I do wonder why the PAP doesn't seem to like Andrew Kuan. The man was, after all, the Chief Financial Officer at Jurong Town Corporation. Can the senior people who run our GLCs not be trusted? If they cannot be trusted, then I think Singapore has a very big problem.
In the Straits Times article below, PM Lee (husband of the woman shown above) seems to be hinting that there's something adverse about Andrew Kuan's employment history. It's not like PM Lee to be so twisty-twisty and beatey-around-the-bush. I would have thought that if he had a problem with Andrew, he should come straight out and say it. That would seem more in line with PM Lee's personality. Surely PM Lee should tell the public, if he knew something about Kuan that the public should know. Instead of casting these vague aspersions. If there is something bad about Andrew's employment history, I for one would like to know it. And I would also like to know why the Jurong Town Corporation still chose to hire him and put him in such a senior position.
And what is all this ambiguous nonsense about Andrew Kuan defaming or not defaming someone? I hope that Singaporeans are more educated and perceptive now, after the SPH-NKF saga. All kinds of people get involved in defamation suits, as plaintiffs and as defendants - from the likes of villains like TT Durai, to leaders like Lee Kuan Yew, to heroes like Singapore Press Holdings. Until we actually know the real background, the fact that Andrew Kuan is said to be involved in a defamation suit means nothing.
Aug 11, 2005
Kuan gives 5-page CV to the media
He sends it after being asked about PM's calls for presidential candidates to be open
By Peh Shing Huei and Lynn Lee
PRESIDENTIAL hopeful Andrew Kuan made public his full curriculum vitae yesterday, after some prompting from the media.
It all began when the former group chief financial officer of JTC Corporation held a press conference in the afternoon to deny charges that he had defamed someone.
He also then issued a copy of an e-mail he had sent to JTC chief executive officer Chong Lit Cheong. He said it was a resignation letter he submitted to the statutory board in July last year.
The letter, he told reporters, showed that what he had done while at JTC for three years should qualify him to run for president.

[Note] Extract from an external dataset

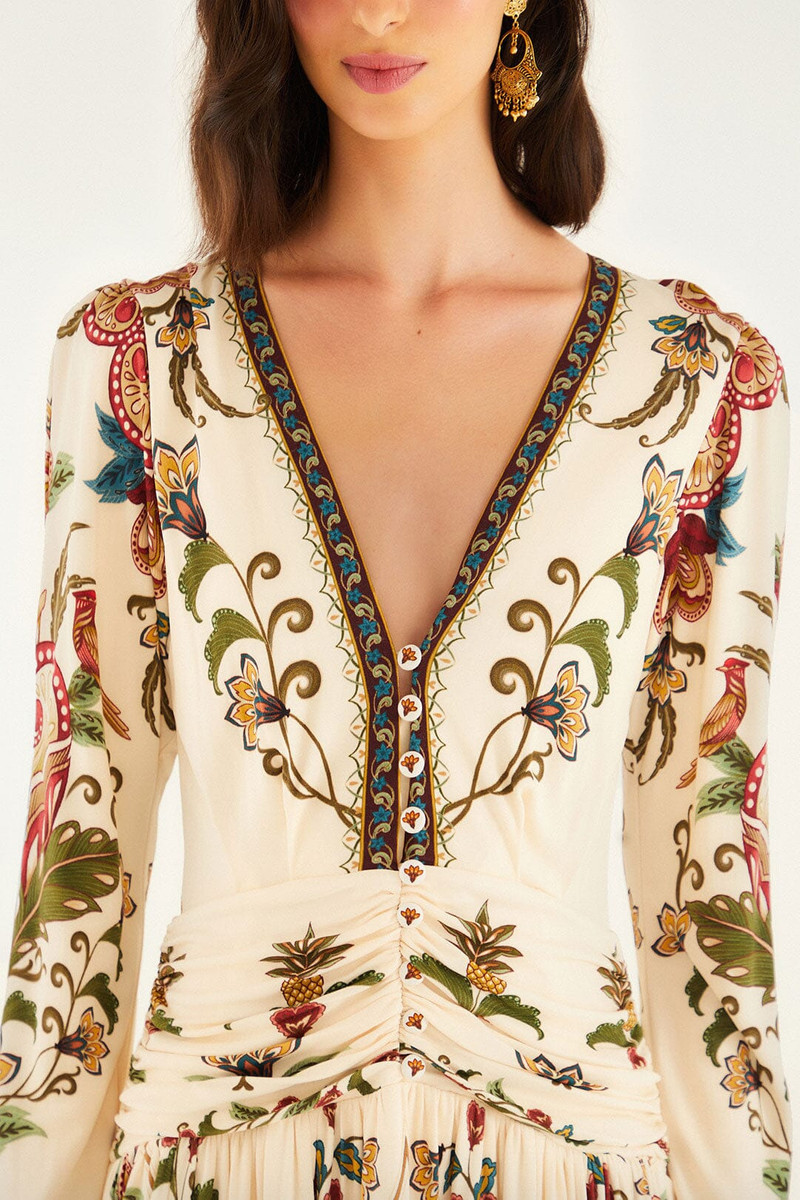 FARM RIO Cream Majestic Hearts Long Sleeve Midi Dress outlook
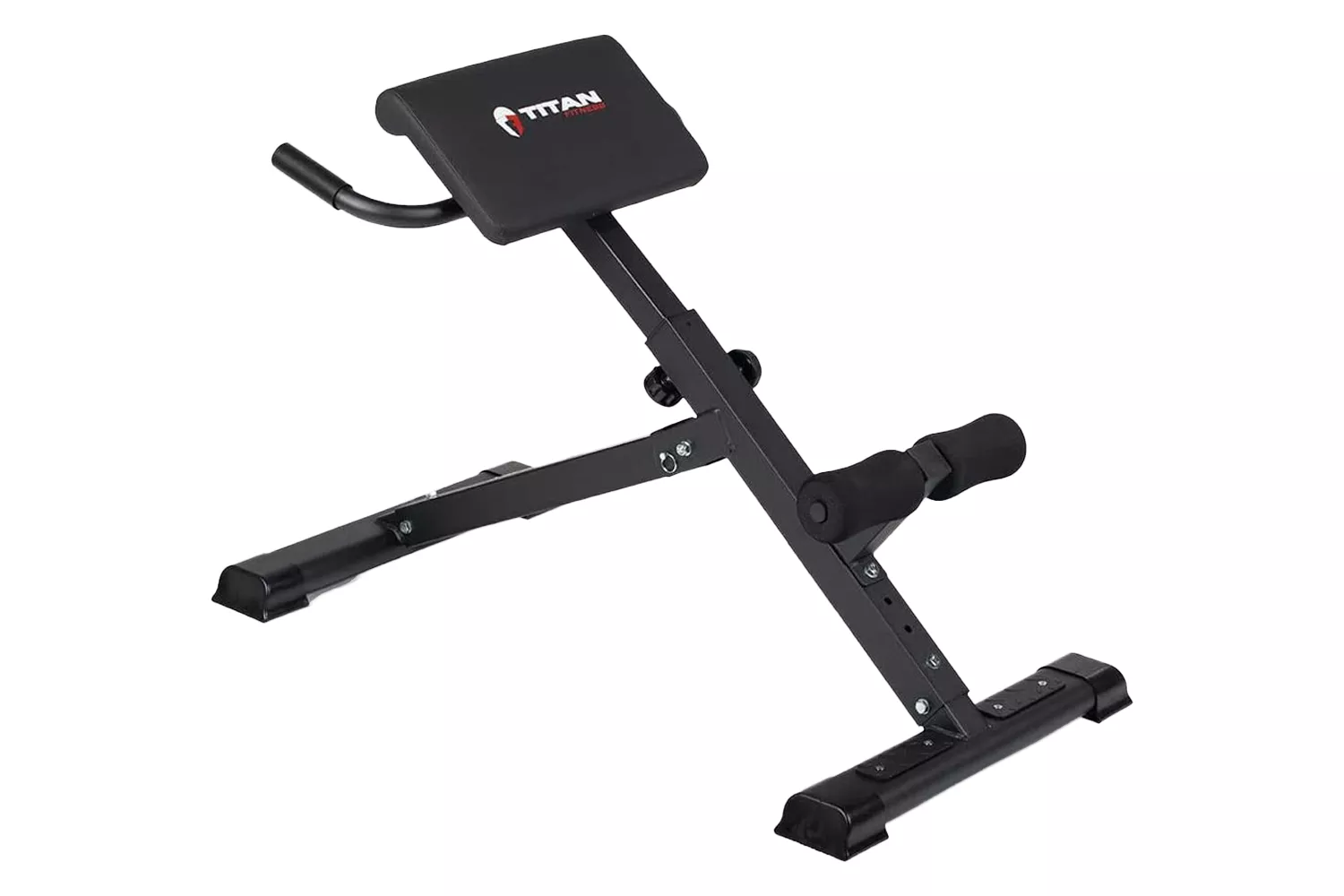 Titan Fitness back extension bench featuring 14-gauge steel and adjustable foot pads against a white background.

Among other things, he said in the e-mail letter that he had contributed to key projects, such as investing $800 million for JTC, divestment studies and financial streamlining.
At first, Mr Kuan did not comment on Prime Minister Lee Hsien Loong's call a day earlier that potential presidential candidates should be open and transparent as the job is a serious one.

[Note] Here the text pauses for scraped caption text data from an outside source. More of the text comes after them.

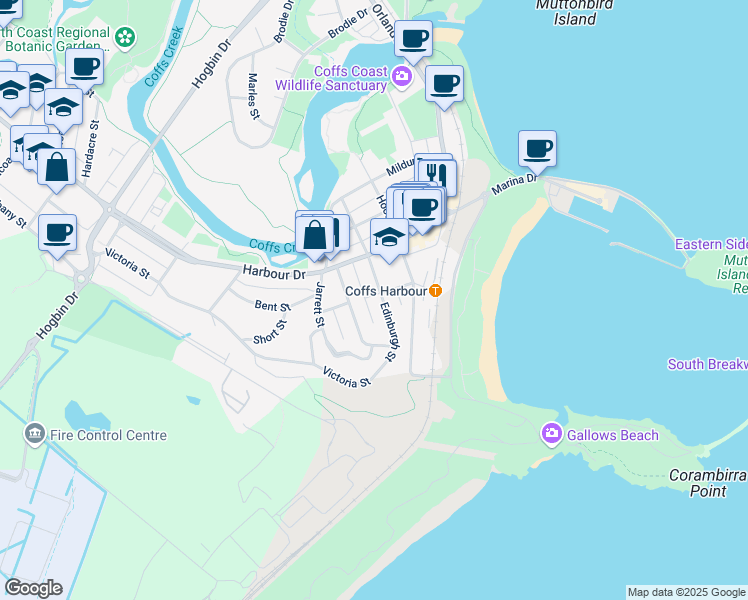 map of restaurants, bars, coffee shops, grocery stores, and more near 171 Edinburgh Street in Coffs Harbour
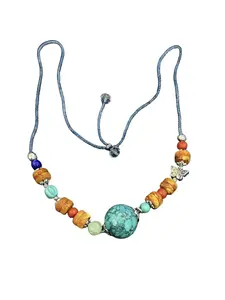 Generation 2 Amber Bracelet & Necklace for Women, Chinese Retro Multi-treasure Beaded Jewelry with Tibetan Silver Accessories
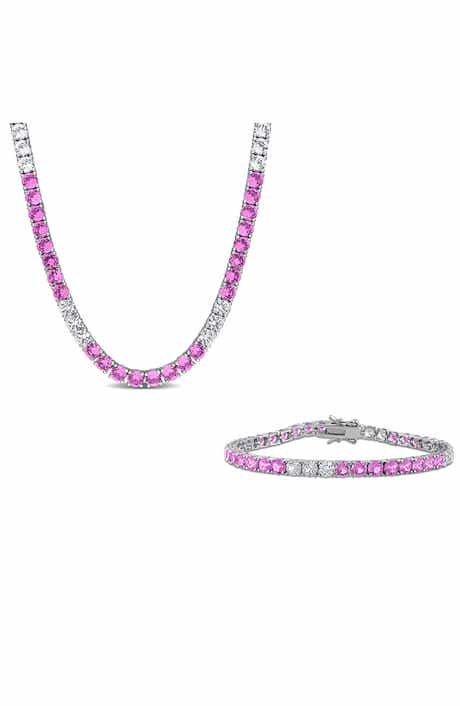 DELMAR Lab Grown Pink & White Sapphire Bracelet & Necklace Set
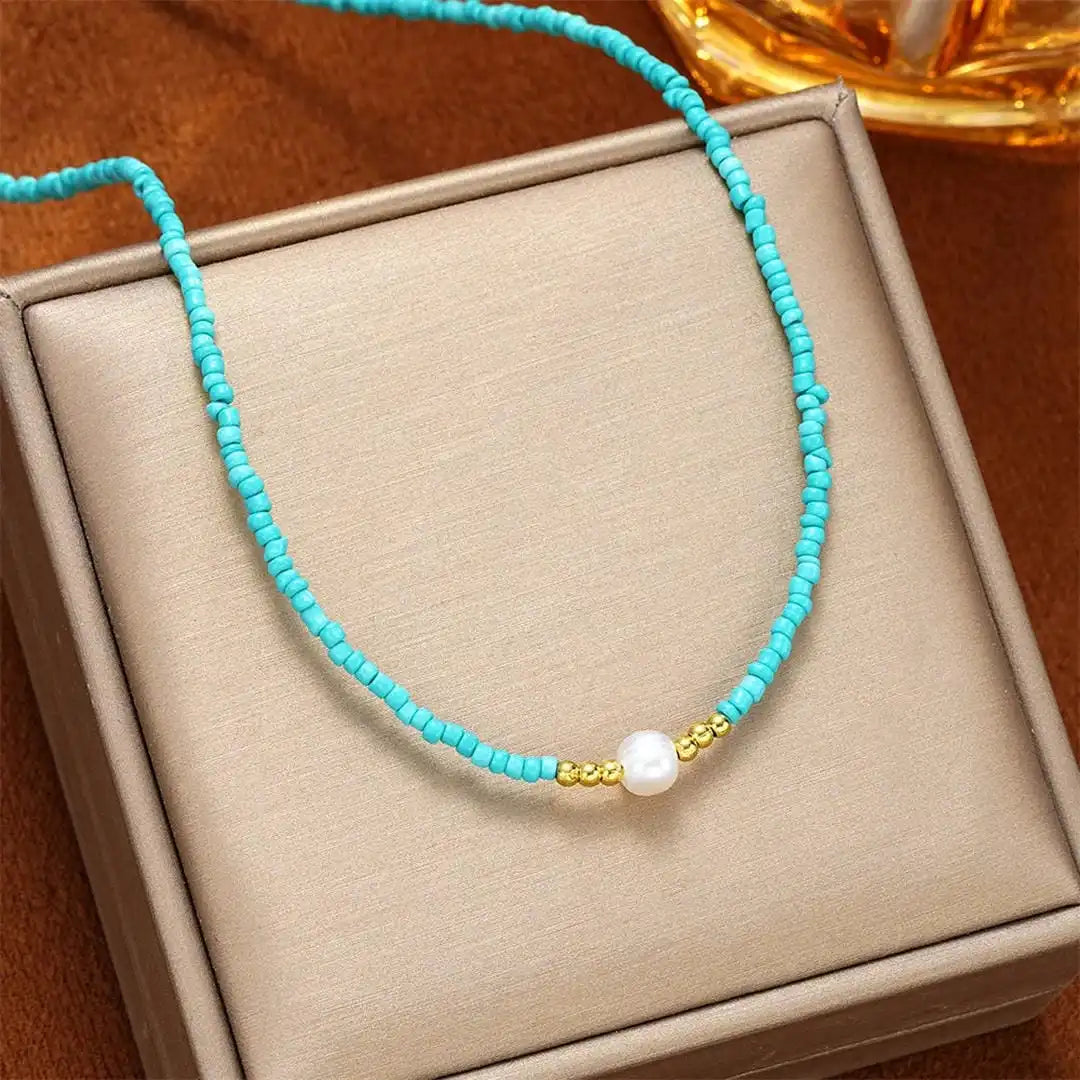 Marcia - Turquoise Blue Bead Choker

Mr Lee said on Tuesday he had read that Mr Kuan had had an 'interesting employment career', and had 'done quite a number of different jobs in the last few years'.
'I'm quite sure he will want to tell Singaporeans all about them, how it came about that he took these jobs and, in some cases, changed them very quickly,' said Mr Lee.
When Mr Lee's comments were put to him, Mr Kuan said he was being honest and open - about the defamation issue.
Asked by reporters, Mr Kuan said he would try to provide his full employment details but he 'may not remember' some details.
He was then asked to provide the CV he had submitted to the JTC when he applied for his job.
He replied that he would try, adding: 'After all these years, almost 30, you can't remember all the small, little details.'
Three hours later, he sent out a five-page CV via e-mail to the media.
In an earlier interview, he provided a brief resume showing he had held five jobs between 1980 and 1989. The CV yesterday showed that it was from 1979 to 1987.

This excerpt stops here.